Il nuovo Parma Calcio secondo Guido Barilla: “Una squadra che ha un significato per tutta la città, anche per chi non viene allo stadio. Un club che parla con i fatti, perchè chi dice ‘vincerò’ prima non è uno sportivo”

Noceto, 25 Maggio 2016 – La festa di Parma Partecipazioni Calcistiche, la componente dell’azionariato diffuso del Parma Calcio 1913, questa sera, al DownUnder di Noceto, è stato un momento che ha coinvolto tutta la famiglia crociata.

Con la partecipazione dei soci di maggioranza della proprietà (‘Nuovo Inizio’), dei dirigenti, della prima squadra, del Settore Giovanile, del Parma Calcio 1913 Femminile, di alcune aziende sponsor, di alcuni partner e dei tifosi.
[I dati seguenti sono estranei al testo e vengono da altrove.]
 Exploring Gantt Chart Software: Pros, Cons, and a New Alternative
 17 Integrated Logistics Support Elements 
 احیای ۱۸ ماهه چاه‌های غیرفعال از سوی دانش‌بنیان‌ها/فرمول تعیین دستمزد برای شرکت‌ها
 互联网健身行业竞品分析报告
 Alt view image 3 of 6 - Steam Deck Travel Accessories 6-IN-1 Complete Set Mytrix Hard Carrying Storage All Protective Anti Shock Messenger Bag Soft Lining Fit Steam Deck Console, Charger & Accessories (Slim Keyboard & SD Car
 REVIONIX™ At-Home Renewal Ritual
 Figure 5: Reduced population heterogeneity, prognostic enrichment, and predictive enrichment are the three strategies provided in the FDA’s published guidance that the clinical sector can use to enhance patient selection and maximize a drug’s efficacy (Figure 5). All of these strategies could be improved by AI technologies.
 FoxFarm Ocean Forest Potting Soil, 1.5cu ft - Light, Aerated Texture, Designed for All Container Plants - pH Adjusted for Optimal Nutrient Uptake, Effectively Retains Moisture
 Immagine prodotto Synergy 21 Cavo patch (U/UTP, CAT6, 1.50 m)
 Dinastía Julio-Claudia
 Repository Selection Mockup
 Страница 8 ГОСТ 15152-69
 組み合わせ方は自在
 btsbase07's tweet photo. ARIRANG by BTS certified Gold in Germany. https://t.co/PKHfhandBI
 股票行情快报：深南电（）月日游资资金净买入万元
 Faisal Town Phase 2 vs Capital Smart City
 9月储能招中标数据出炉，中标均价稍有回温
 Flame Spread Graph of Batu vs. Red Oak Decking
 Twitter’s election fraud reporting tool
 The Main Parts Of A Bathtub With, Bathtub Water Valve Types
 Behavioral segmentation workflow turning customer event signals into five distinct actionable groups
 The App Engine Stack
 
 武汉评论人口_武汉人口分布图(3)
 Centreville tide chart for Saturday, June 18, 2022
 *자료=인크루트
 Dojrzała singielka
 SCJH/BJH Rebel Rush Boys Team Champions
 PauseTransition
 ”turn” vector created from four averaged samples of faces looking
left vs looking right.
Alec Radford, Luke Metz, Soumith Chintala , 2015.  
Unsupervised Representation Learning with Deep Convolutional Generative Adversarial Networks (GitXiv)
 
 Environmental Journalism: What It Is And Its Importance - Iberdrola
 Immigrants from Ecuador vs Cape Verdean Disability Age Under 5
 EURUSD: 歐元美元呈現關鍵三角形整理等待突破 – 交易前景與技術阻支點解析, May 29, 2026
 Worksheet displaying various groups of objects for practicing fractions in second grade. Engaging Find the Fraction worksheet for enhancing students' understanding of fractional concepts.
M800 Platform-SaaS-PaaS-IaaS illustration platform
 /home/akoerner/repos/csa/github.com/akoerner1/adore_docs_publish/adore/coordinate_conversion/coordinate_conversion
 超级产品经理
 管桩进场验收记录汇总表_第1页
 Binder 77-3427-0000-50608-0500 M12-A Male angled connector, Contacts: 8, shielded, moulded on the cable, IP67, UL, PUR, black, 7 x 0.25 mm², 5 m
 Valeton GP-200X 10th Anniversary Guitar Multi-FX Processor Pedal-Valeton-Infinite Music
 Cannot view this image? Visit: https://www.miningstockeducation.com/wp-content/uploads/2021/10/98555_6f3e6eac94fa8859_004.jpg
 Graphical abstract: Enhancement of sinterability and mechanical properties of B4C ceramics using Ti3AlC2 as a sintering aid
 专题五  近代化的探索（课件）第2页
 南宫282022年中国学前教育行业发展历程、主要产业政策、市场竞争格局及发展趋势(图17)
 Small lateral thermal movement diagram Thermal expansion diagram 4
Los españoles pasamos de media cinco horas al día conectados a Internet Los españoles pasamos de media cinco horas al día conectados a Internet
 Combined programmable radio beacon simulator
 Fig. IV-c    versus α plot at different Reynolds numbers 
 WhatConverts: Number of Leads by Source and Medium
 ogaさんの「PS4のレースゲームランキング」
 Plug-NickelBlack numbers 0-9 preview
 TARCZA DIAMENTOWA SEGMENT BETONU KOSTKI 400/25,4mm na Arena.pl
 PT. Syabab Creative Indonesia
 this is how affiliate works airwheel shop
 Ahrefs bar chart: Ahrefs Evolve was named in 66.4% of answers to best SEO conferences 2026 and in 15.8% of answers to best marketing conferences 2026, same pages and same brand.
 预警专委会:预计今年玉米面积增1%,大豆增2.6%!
A margine dell’evento, interpellato dagli inviati degli organi di informazione nazionali e locali, ha parlato Guido Barilla, rappresentante di ‘Nuovo Inizio’:

Questo primo anno è stato appassionante. Lo dico come tifoso e come sportivo. Sono coinvolto insieme a questo gruppo di amici. Sono molto contento di averlo fatto. È stato molto coinvolgente sotto molti punti di vista. Dal punto di vista sportivo, soprattutto, è stato un anno fantastico. E’ stata una partenza meravigliosa, perché oltre ai risultati della squadra, c’è stata una vicinanza della città straordinaria. Non solo da parte dei tifosi e di chi viene abitualmente allo stadio, ma anche da parte di chi non viene al Tardini. Parmigiani che incontro per strada e mi dicono:”State facendo qualcosa di straordinario !!! Grazie, grazie, grazie”. Ogni giorno passato in città è stato un giorno bellissimo, perché il Parma, quest’anno, ha avuto un significato estremamente importante per tutti. La squadra ha risposto molto bene e ha compiuto il primo passo. I prossimi passi saranno molto impegnativi. Speriamo di costruire una squadra capace di affrontarli e percorrerli in modo adeguato. La nostra idea, per il prossimo anno, è di confermare le attese del primo e far parlare ancora i fatti. Credo alla filosofia che bisogna partecipare per vincere. Chi dice “vincerò” prima di averlo fatto non è uno sportivo. Costruire una squadra è molto complesso e difficile. Una squadra vincente si può provare a farla. Ci sono, poi, le partite ogni domenica da affrontare e sostenere. Il percorso è molto lungo. La Lega Pro è un campionato difficilissimo. E’ risaputo. In Lega Pro ci sono molte squadre che investono da tempo, con organici forti, che non sono riuscite a uscire dalla categoria. Noi l’affronteremo con grande serietà, molta determinazione, sperando di far bene. Sarà il campo, poi, a dirlo, a emettere il suo verdetto. Non sono affatto pentito di aver partecipato e di far parte di questa avventura. Anzi, ne sono orgoglioso. Sono contento di essere stato assieme a questo gruppo di amici con cui abbiamo condiviso questo percorso. E’stato un anno per me emozionante come persona, come sportivo. Provo molto piacere per essere vicino al Parma”.